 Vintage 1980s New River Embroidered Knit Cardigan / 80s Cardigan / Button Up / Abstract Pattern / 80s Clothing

+ + +

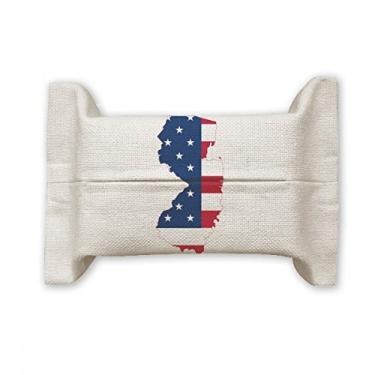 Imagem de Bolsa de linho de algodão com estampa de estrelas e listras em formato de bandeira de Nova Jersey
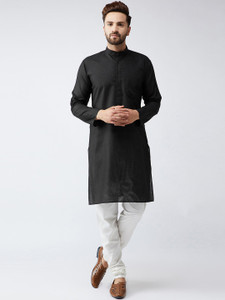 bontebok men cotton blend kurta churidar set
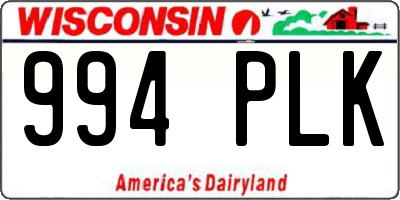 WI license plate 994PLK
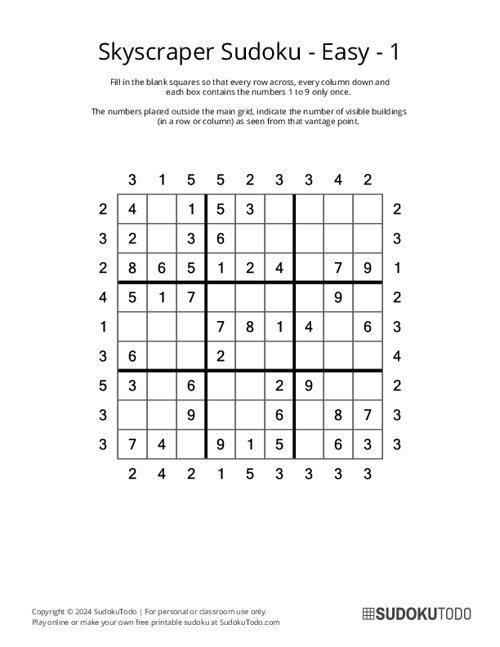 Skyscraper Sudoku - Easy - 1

+ + +

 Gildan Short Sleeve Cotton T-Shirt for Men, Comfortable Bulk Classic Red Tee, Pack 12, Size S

+ + +

__What you are asked to do__.
Take only the lines above from the one that has "WI license plate 994PLK" through the one that has "Skyscraper Sudoku - Easy - 1" and reproduce them exactly, omitting any pictures.

__Finished task__.
 WI license plate 994PLK
 Skyscraper Sudoku - Easy - 1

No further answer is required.